If not, you might still qualify for a loan from a portfolio lender — a company that originates mortgages and holds a portfolio of loans rather than sells them on the secondary market. As Spinosa explains, these loans typically come with a lower loan-to-value ratio (meaning you might not be able to borrow as much money), a different set of underwriting guidelines and a slightly higher interest rate. He adds that these lenders typically charge a variable interest rate rather than a fixed rate.

The process is a bit different for a non-U.S. citizen who wants to buy an investment property but doesn’t have a Social Security number tied to a credit report. “For us to get an approval for a foreign national, we are checking references for employment and credit references in the country of origin,” Spinosa says. A nonpermanent resident might also use this approach instead of waiting for two years of tax returns.

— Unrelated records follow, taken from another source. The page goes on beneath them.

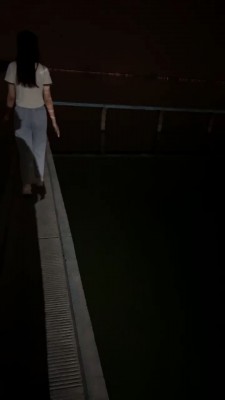 【橘子没熟】精彩高中女同学首次户外调【完整版】 bf25475_HD绳艺资源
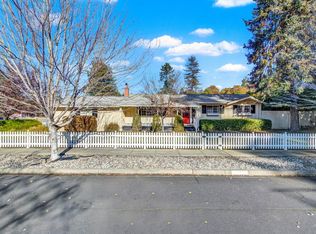 2528 W Pueblo Ave, Napa, CA 94558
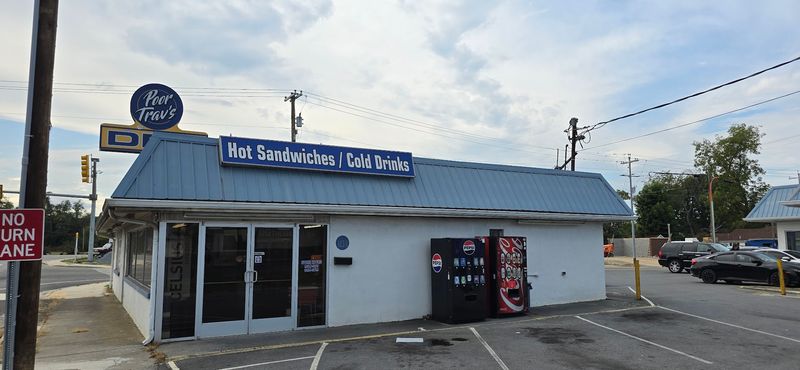 Blue Circle Market - Poor Trav's Deli, Elizabethton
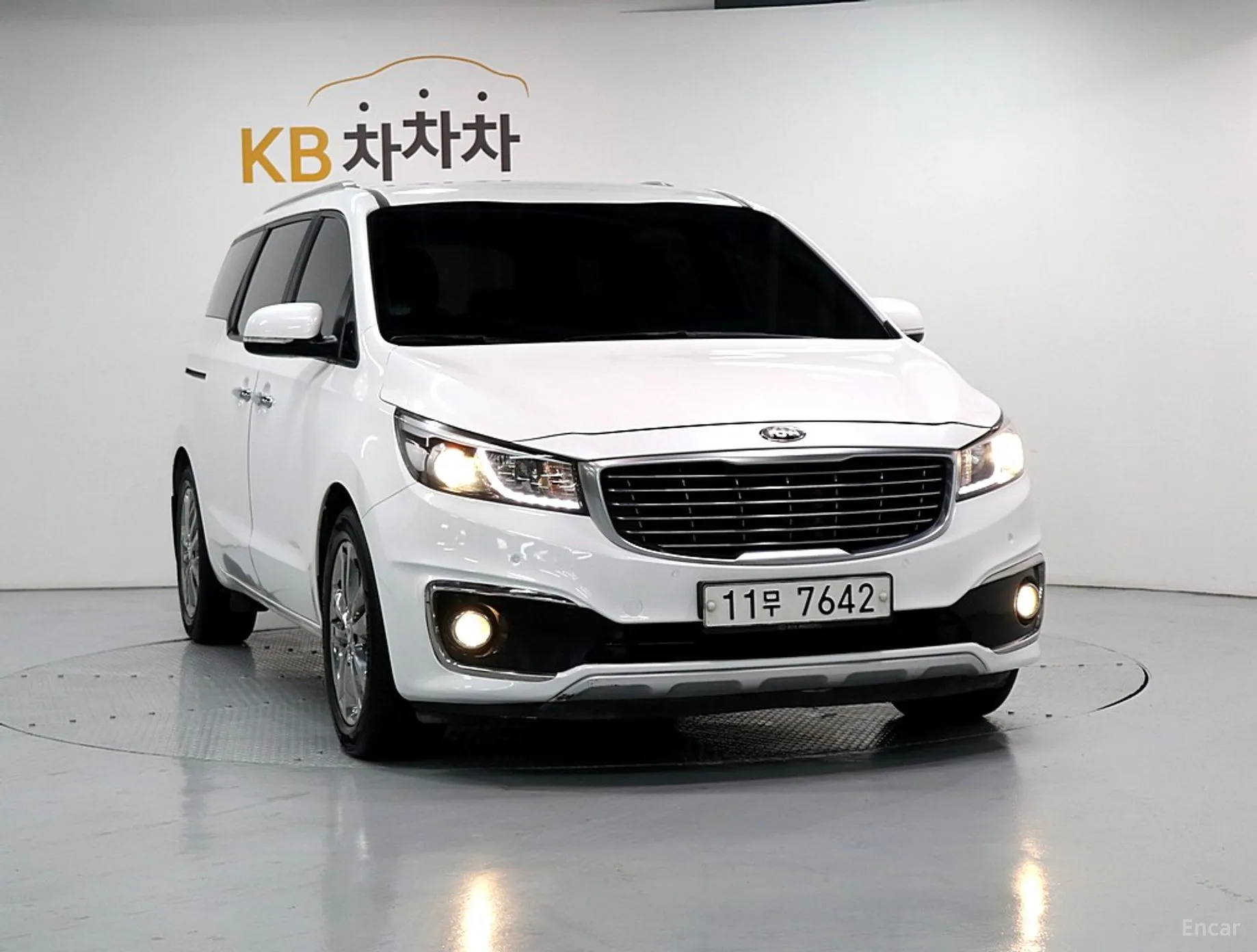 Kia Carnival превью 2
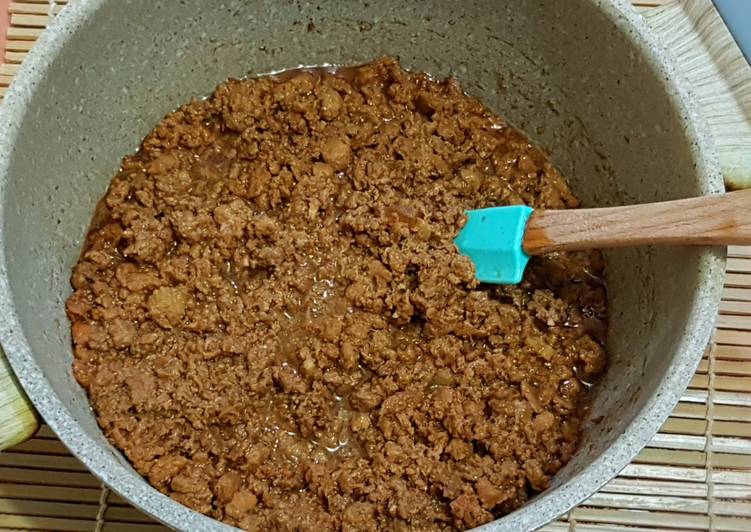 Cara Gampang Membuat Daging Ayam Cincang Kecap Toping Mie Anti Gagal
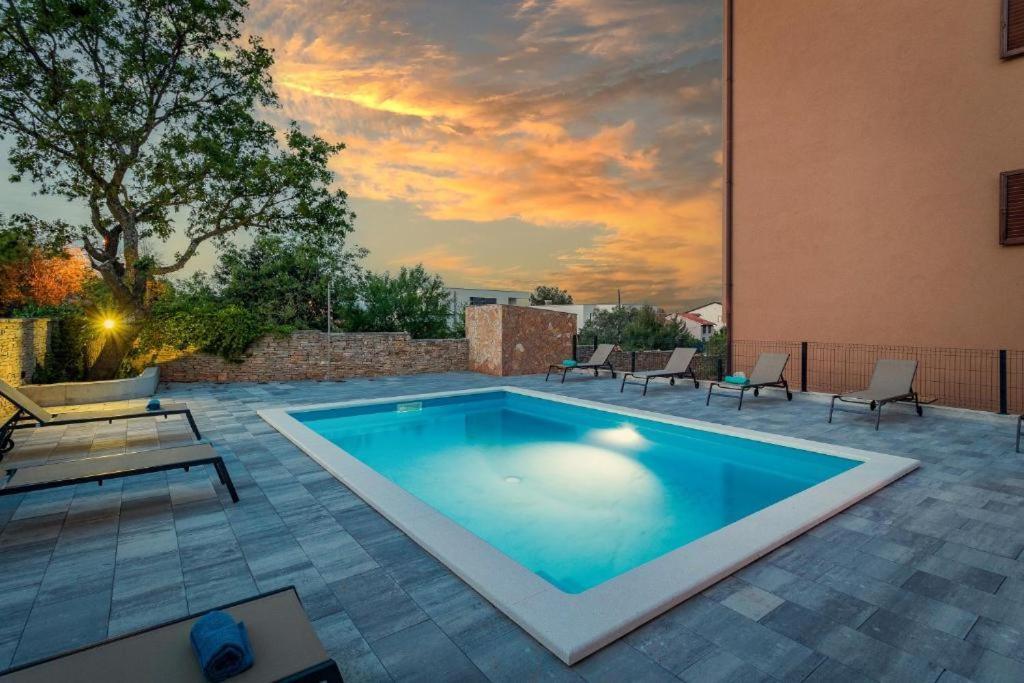 Cesare Apartment, With Swimming Pool And Sea View Ližnjan Kültér fotó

Of course, establishing credit and showing tax returns is less important if you’re paying cash, which some newcomers do. “There is lending available and they do take advantage of it, but it’s not their mentality [to take out a mortgage],” points out Reba Miller, owner of RP Miller Realty Group, a New York agency with over $1 billion in residential transactions. “It’s more of an American mentality.”

Michael Barbolla, head of Rutenberg Realty, one of New York City’s largest real estate brokerages, has seen several recent cash transactions involving foreign investors. “In many of these new buildings, they’re paying cash, and as long as there’s some verification of assets, the deals can run very smoothly,” he says.

Getting co-op approval. Housing discrimination based on national origin, race or religion is illegal in the U.S. That said, boards running a cooperative building are allowed to vet potential buyers, and not all of them are friendly to noncitizens. “Boards can’t say ‘we don’t want foreigners,’” Miller says, “but boards can say ‘we don’t want pied-à-terre owners, and that’ll signal foreign investors or someone with a second, third or fourth residence.” (A pied-à-terre is a secondary residence, usually in a large city, used for short escapes.)

Condominiums tend to be more flexible than co-op buildings. “Because it is cooperative living and because you are owning shares in a corporation, you would complete a board package,” Barbolla explains. “Co-op boards ask for all kinds of information, letters of reference, credit checks, and it’s very difficult for a co-op to trace back that information to a foreigner because you can’t necessarily run a credit check.”

Miller says she’s helped foreign buyers without much of a U.S. credit report to secure board approval by encouraging them to collect reference letters from their accountant, broker and others. Offering to put money in an escrow account for the co-op or having money in financial institutions that are known in the U.S. can also help their case. “Try to have transparency as to where the money is and how the money is being held,” she says. “If it’s locked up in a Swiss bank account, you’d have trouble showing it.”